Laisse du temps entre les séances exigeantes. Augmente graduellement la durée, la résistance ou la complexité, plutôt que tout à la fois.
Un kinésiologue, une physiothérapeute ou une autre personne qualifiée peut t'aider à adapter ta progression en présence de douleur, d'ostéoporose, de maladie cardiovasculaire, de limitation fonctionnelle, ou après une longue période d'inactivité.
Quand arrêter et demander un avis
Une douleur thoracique, un essoufflement inhabituel, une syncope, des palpitations nouvelles, des symptômes neurologiques ou une douleur aiguë exigent l'arrêt de l'activité et une évaluation.
Une douleur persistante, des saignements importants ou une fatigue marquée méritent aussi une discussion avec une professionnelle ou un professionnel.
Bouger ne devrait jamais devenir une façon d'ignorer les signaux inquiétants, ni de compenser ce que tu as mangé.
À mettre en pratique maintenant
Regarde les quatre dimensions : force, endurance, mobilité, équilibre.
Une seule question, honnêtement : laquelle est complètement absente de ma semaine actuelle ?
Pas la moins développée. La plus absente. C'est celle-là qui te donnera le plus de rendement pour le moins d'effort, parce qu'on progresse toujours plus vite là où on part de zéro.

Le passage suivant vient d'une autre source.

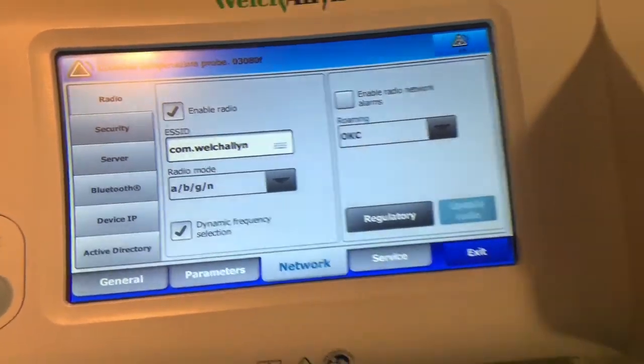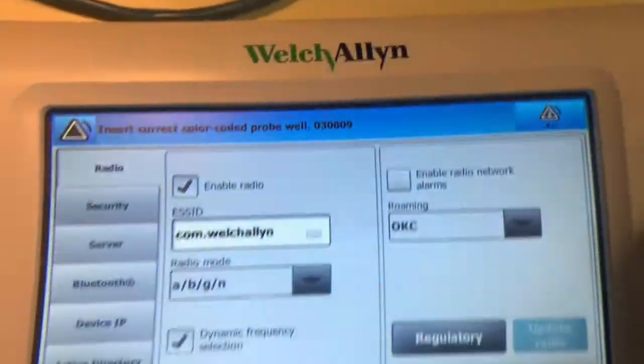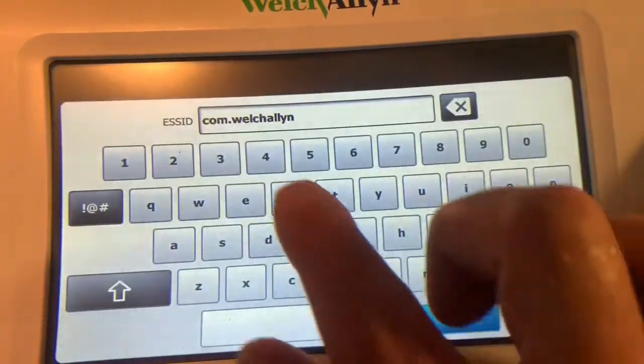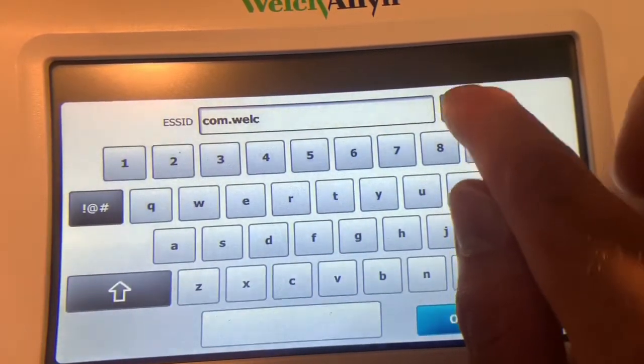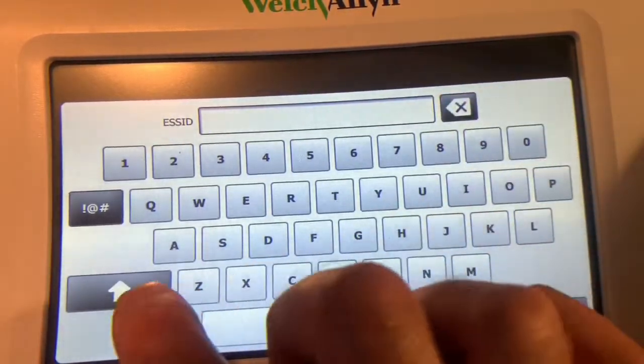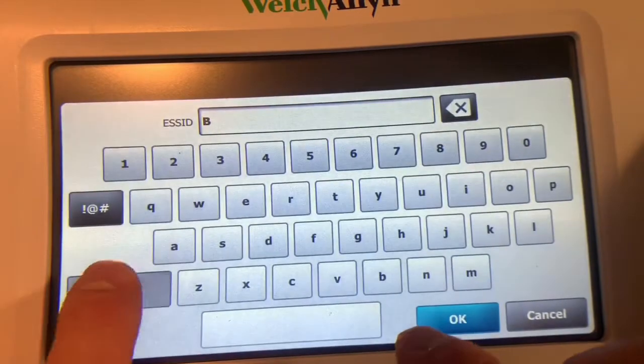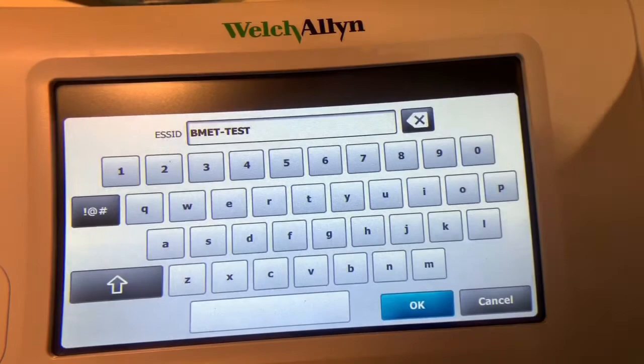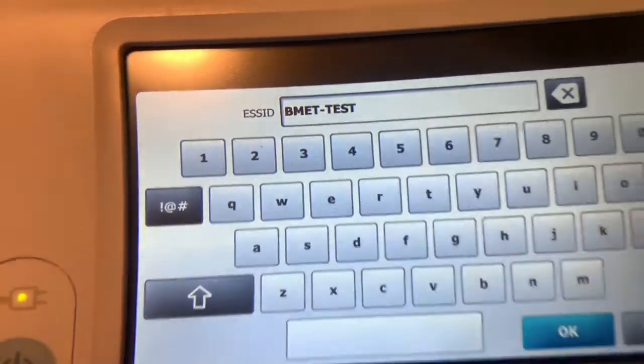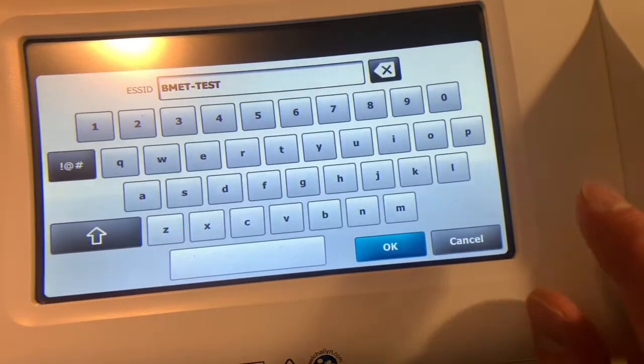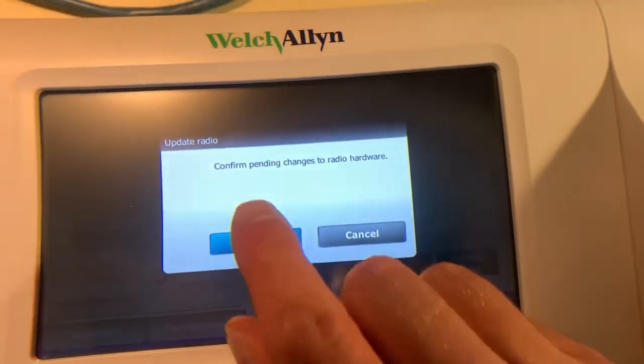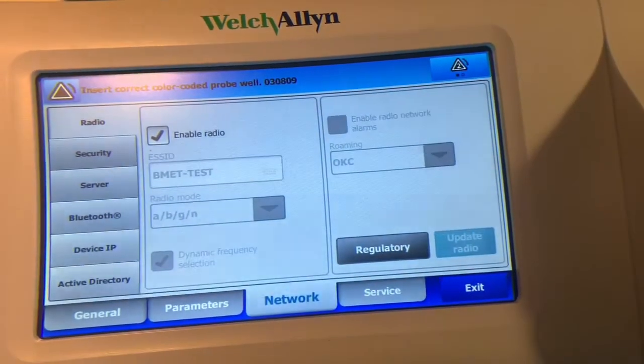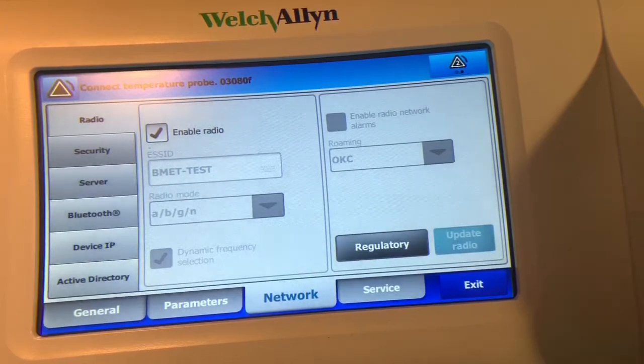So what I'm going to do instead is connect it to my simple little home router here, which I already know the network name of. So I'll click on there, and I will erase the default name for whatever that particular name is for, and enter in the network name of that router over there. So I've entered in the network name for this, which I just named BMET-test. That matches the network name on the router. Click okay. And you want to click update radio. Click okay for that. And it's going to try and associate with the wireless access point over here.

Ajoute-lui dix minutes cette semaine. Une seule fois. Puis regarde si tu as envie de recommencer.
Pour aller plus loin
Dr Stacy Sims, Next Level (2022) - sur l'entraînement adapté au corps féminin en périménopause, incluant la question de l'intensité et de la récupération. C'est la chercheuse à l'origine de la formule « les femmes ne sont pas des petits hommes ».
Dr Gabrielle Lyon, Forever Strong (2023) - sur la force comme fondation du vieillissement en santé.
Organisation mondiale de la Santé, lignes directrices sur l'activité physique - les repères de population, gratuits et accessibles en français.
ParticipACTION, section Bouger au quotidien - des ressources canadiennes concrètes pour intégrer le mouvement dans une vraie semaine.